Updated

There is no rhyme or reason why the debate over where to try a terrorist ever became a “left vs. right” issue.

Yet there they are on television -- right-wing and left-wing pundits defending their position as if their very political identities depend upon the answer.

There’s only one consideration that bears weight on the issue of where to try a terrorist. And guess what? It is not political. It is purely legal, in fact mundanely legal:

Since military courts and civilian courts have different evidence rules, the people collecting the evidence have to know beforehand, in which court they will prosecute.

The only fact that matters in the choice of trial venue is which rules the “gatherers of evidence,” (that is the police, soldiers, agents) used when compiling the evidence.

If the people who compiled the evidence followed military rules while doing their job, and you want to win the case, then you’d better try the case in military court. If the evidence gatherers followed civilian rules, and you want to win the case, then you’d better try the case in civilian court.

Everything else is equal and immaterial. Federal tax dollars will be used in either case. The defendant will have a lawyer in either case. The defendant will have a right to attempt to win in either case. He’ll be jailed or executed using federal dollars in either case.

Some people may have a preference for what message, be it explicit or subliminal, we send to terrorists when we treat them as enemy combatants or criminal defendants. But that preference adds nothing to the goal of winning the prosecution, which is all that the gatherers of evidence truly care about.
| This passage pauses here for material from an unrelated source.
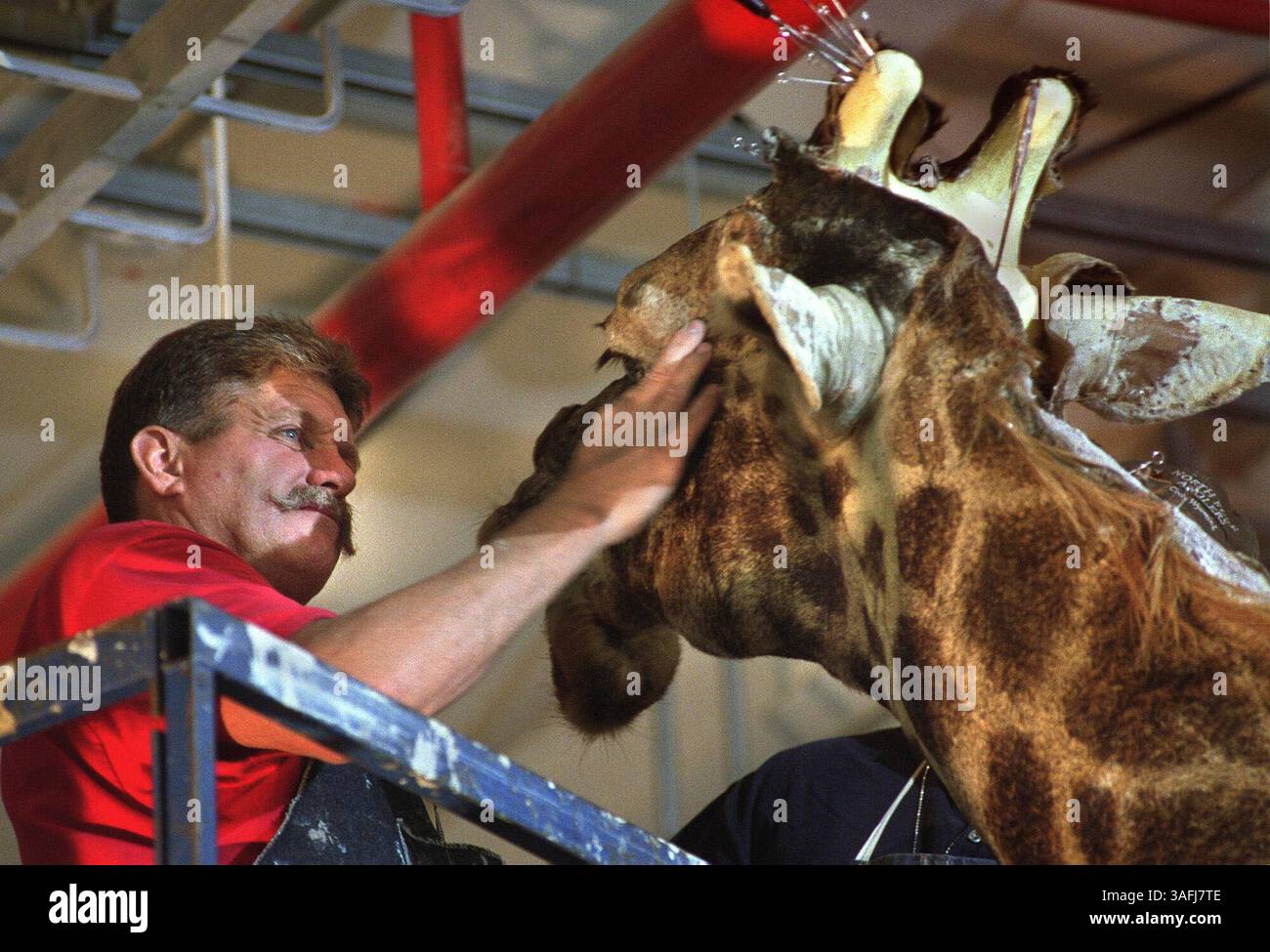 Smithsonian taxidermist John Matthews stretches the hide on the head of ...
Nothing about this issue lends itself to understanding the left/right dichotomy of Democrats and Republicans. The yardstick that defines something as “left” or “right” is purely economic: The extent of government control over economic production in society. Where to try a terrorist is pretty far removed from that.

Why then, from the solemn halls of congress to the fisticuffs of the Internet, are people firing across the left/right line in the sand over which legal venue is best to try a terrorist?

Perhaps Senator Evan Bayh’s remarks about leaving Congress apply here, too: America may be so corralled in partisan stables that we are picking fights where we don’t have to.
That certainly seems to be the case on terror trial venues.